至って当たり前に思えていたことも、タイミングさえ良ければ、期待の持てる巧妙な事柄、あるいは施策のように見えてくるから不思議だ。トヨタ自動車が発表したトップ交代人事がまさにそれだった。考え抜かれたタイミングに、トヨタ流したたかさの一端を見せつけられた思いがした。
豊田章一郎名誉会長の長男、章男副社長が社長に昇格する人事が、「創業家への14年ぶりの大政奉還」であることは間違いない。しかし、その内容に全く驚きはない。大政奉還はトヨタにとって当たり前のこと。だから何年ぶりだろうと、あまり気にすべきものではない。当事者にとっては、単に「その時が来た」というだけのことだろう。

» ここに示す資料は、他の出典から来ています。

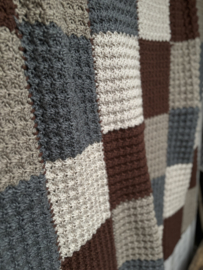 HAAKPAKKET PLAID 'NOSTALGISCHE LAPPENDEKEN'.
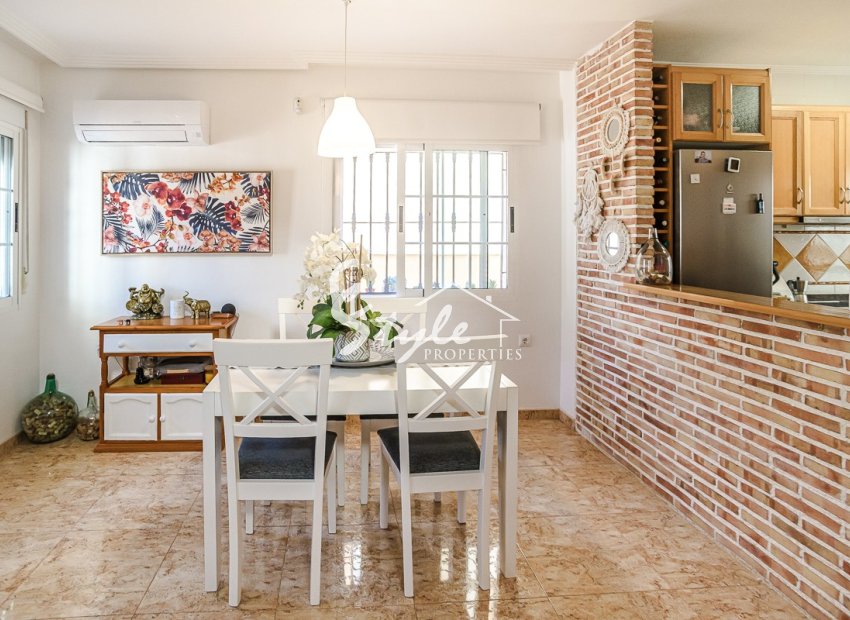 Resale - Villa - Guardamar - EL RASO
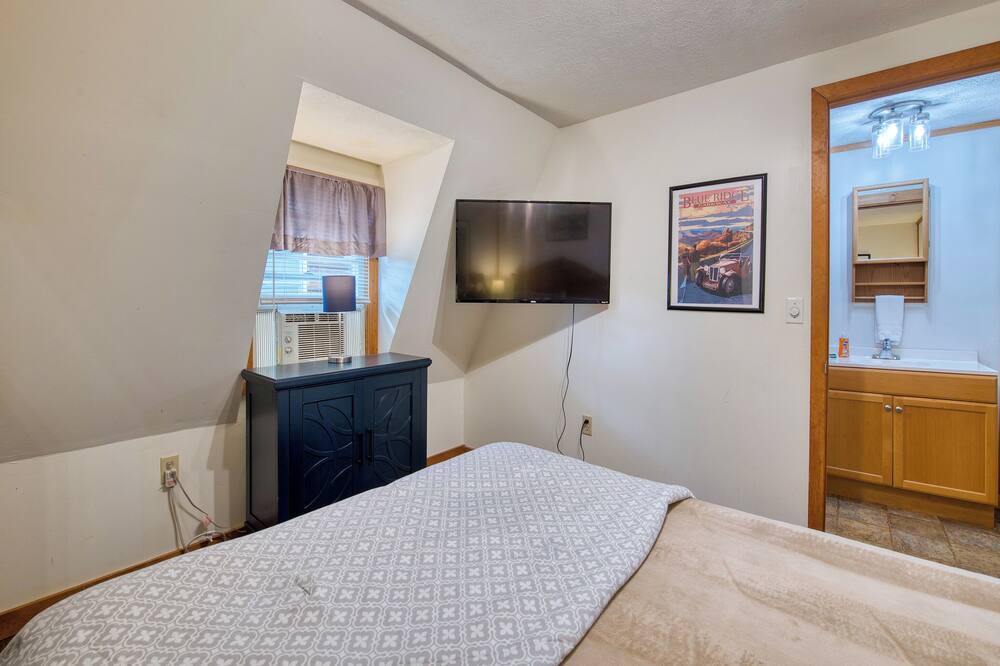 Photo of Bedroom in Maggie Valley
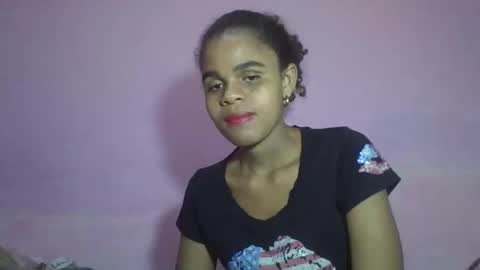 delphine online show from 04/18/26, 05:17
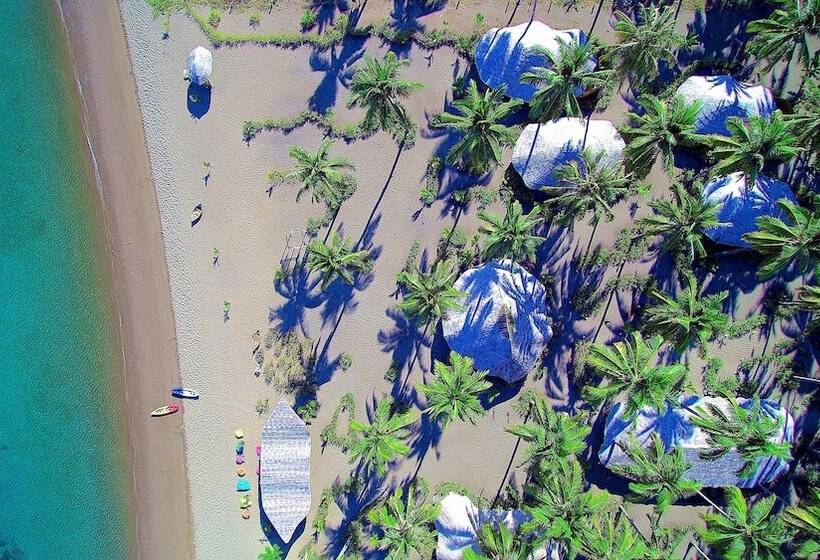 فندق Coconut Garden Beach Resort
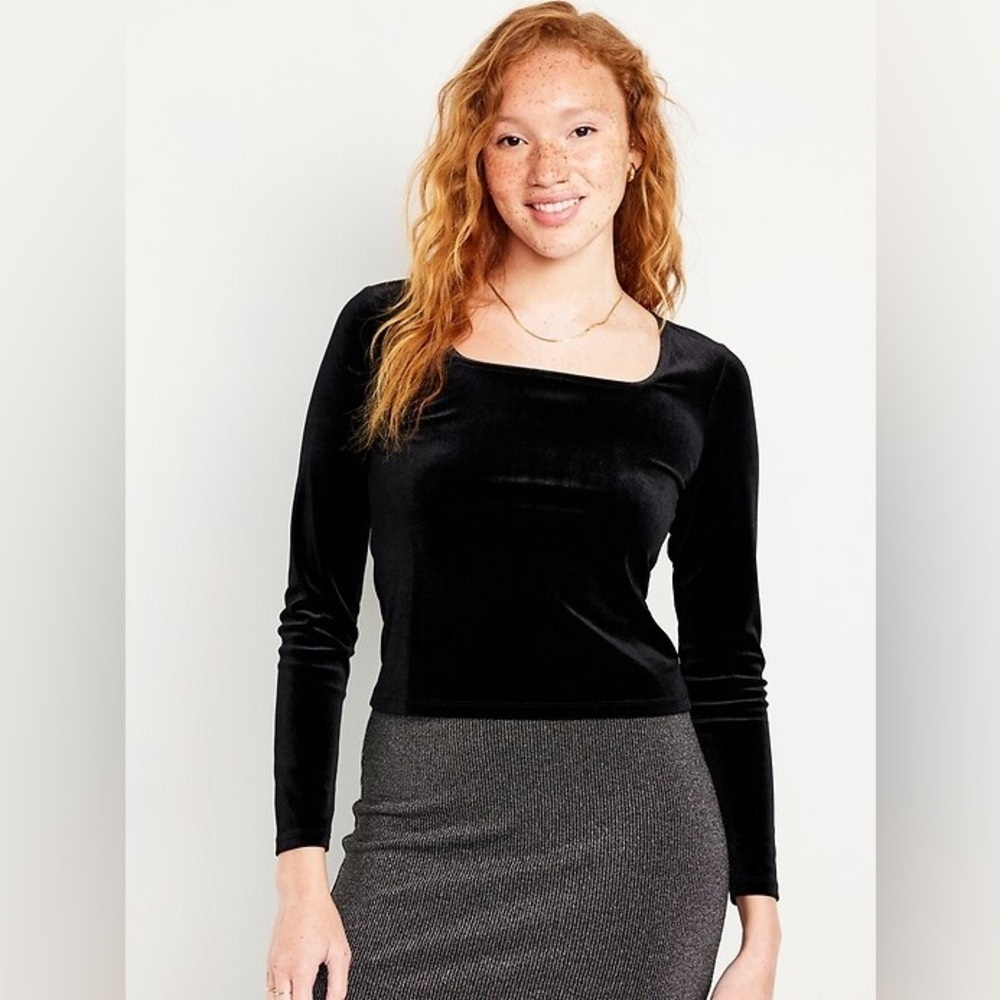 NWT new XL fits large old navy fitted square neck Black Velvet Long-Sleeve Top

入社当時から、章男氏は将来の社長候補。通常のトヨタマンとは違う、「見えない目印」の付いていた人物だ。しかも昨年6月から国内外の販売を統括する副社長として、いよいよ事前修業の最終段階に入っていた。豊田家と関係の深い地元経済界や取引先関係者の多くは、2009年中に「章男社長誕生」が発表されると固く信じていたように思う。
お家芸! 危機バネで引き締め
2009年1月20日。その時は訪れた。
最強企業トヨタですら「100年に1度」と言われる世界的な景気後退の大波に呑み込まれ、2009年3月期(今期)決算で1500億円もの営業赤字に転落・・・。衝撃の見通しが発表されてからほぼ1カ月。その日は、2008年の世界販売台数でトヨタ(ダイハツ工業と日野自動車を含む)が念願だった首位の座を米ゼネラル・モーターズ(GM)から奪い取ることを確実にした歴史的な日でもあった。経営立て直しが急務となっているトヨタや、その影響をもろに被る地元経済にとって、そのタイミングは絶妙だった。
正式な社長交代は6月末の株主総会後になる。だから普通に考えれば、1月中の発表は早過ぎる。しかし、この難局に素早く対応するには敢えて今発表し、創業家の旗印の下、オール・トヨタの結束を強めるべきだと判断したようだ。
社長交代の記者会見。最も光の当たる場所に初めて座った創業家の御曹司は、父章一郎名誉会長がかつてよく口にしていた「変革」という言葉を散りばめながら、「現場に一番近い社長でありたい。創業の原点に回帰し、引き継ぐことは引き継ぎ、大胆に変革すべきことは勇気を持ってチャレンジする」と宣言した。
景気後退下で重荷になった生産・販売体制の見直しは「待ったなし」。こうした面で大胆に切り込む姿勢を強くにじませていたが、社内や関係企業向けの次期社長による「所信表明演説」のようにも見え、いささかそれは芝居じみていた。
これまでも危機に陥れば、むしろそれをバネにして組織を引き締め、迅速な経営の立て直しを実現してきたトヨタ。今回は創業家からお預かりしている御曹司を前面に押し出し、従来以上の引き締め効果を上げようとしたのだろう。
豊田家と長年の信頼関係にある系列の部品メーカーや販売会社の多くは、トヨタ本体の急激な業績悪化に浮き足立ったが、それも徐々に落ち着きを取り戻しつつある。もちろん一部は混乱や軋轢(あつれき)を抱えつつも、トップ人事の発表後、オール・トヨタの結束は狙い通り確実に引き締まってきているようだ。
政治の世界の話を持ち出すまでもなく、何かと評判のよろしくない世襲人事そのものであるにもかかわらず、トヨタが決断した今回のトップ人事をマスコミ各社もおおむね前向きに評価した。社説などでは、新経営陣の手腕に期待する好意的な記事を載せている。仮に平時のトップ交代なら、こうもスンナリといっただろうか。これもまた、タイミングの効用であろう。非常時の交代だったからこそ、批判をまんまと封じ込めることができたと言える。